Hi there,

Thanks for your feedback!

> Bear in mind, putting a password in an environment variable can be seen by 
> other users on the same system with "ps auxwwe".


Sure. But in my scenario, the control host is considered a „safe“ developer 
machine, while the target host is considered the „unsafe“ environment. I use 
this command on my laptop to deploy to lots of cloud machines – there’s noone 
other than me on my laptop (hopefully ;-)), but instead, I’d like to keep the 
target machine configurations as secure as possible (no passwordless sudo, no 
root login).

> The environment variables of a process when it was started are available via 
> /proc/<pid>/environ file.
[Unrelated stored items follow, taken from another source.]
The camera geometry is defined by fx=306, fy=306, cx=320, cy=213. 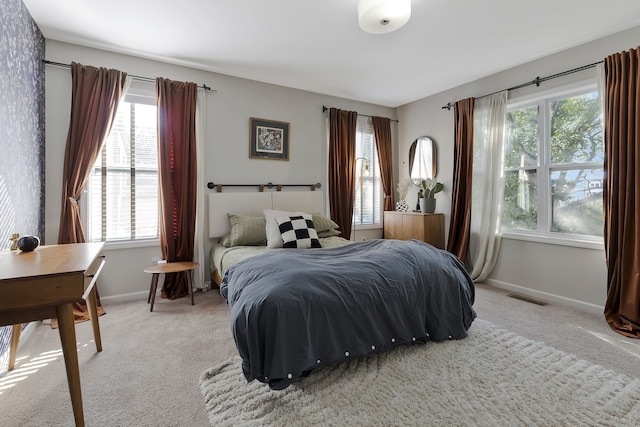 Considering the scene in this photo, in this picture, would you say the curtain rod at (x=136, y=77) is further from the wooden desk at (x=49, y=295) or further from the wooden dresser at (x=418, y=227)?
the wooden dresser at (x=418, y=227)

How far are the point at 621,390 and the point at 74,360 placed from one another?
9.35 feet

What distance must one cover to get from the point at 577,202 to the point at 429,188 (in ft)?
5.29

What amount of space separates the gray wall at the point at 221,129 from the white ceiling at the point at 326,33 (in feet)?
0.39

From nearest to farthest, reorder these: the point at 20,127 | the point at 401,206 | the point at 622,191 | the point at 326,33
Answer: the point at 20,127 < the point at 622,191 < the point at 326,33 < the point at 401,206

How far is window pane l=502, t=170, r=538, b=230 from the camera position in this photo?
3.53 metres

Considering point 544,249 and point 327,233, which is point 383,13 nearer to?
point 327,233

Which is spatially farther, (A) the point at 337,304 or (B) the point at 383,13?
(B) the point at 383,13

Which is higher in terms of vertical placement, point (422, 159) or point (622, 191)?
point (422, 159)

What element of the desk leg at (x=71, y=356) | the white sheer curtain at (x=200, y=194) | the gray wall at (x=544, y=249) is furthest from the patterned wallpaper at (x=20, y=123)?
the gray wall at (x=544, y=249)

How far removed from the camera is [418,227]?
4.13 metres

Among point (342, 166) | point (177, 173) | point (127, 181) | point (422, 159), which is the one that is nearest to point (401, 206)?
point (422, 159)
So while other users on that system can't see the 
> environ, every other process running as your target user could.
>
> Worse, however, your "echo" process puts the password in arguments, and any 
> local user can see program name and args for all running processes. That's a 
> no-no.

Hm, I’m not sure I understand the implications. The whole password handling 
happens on the machine where I execute rsync (it’s done in "--rsh" not in 
"--rsync-path“) – which in my scenario is a developer’s laptop. So it’s not the 
target users that can see the environment but only my own account on my own 
developer machine.

Plus, I don’t understand what you mean with „putting the password in 
arguments“. The environment variable expansion happens on my control machine 
exactly at the time when rsync tries to establish a connection to the target 
machine by running the shell code from --rsh inside a shell. This will create a 
subshell for echo and cat where the environment variable is read and written to 
stdout. stdout is then piped through ssh to the remote machine where "sudo -S" 
reads it on its stdin. It is never in any argument list.

Please correct me if I’m wrong here.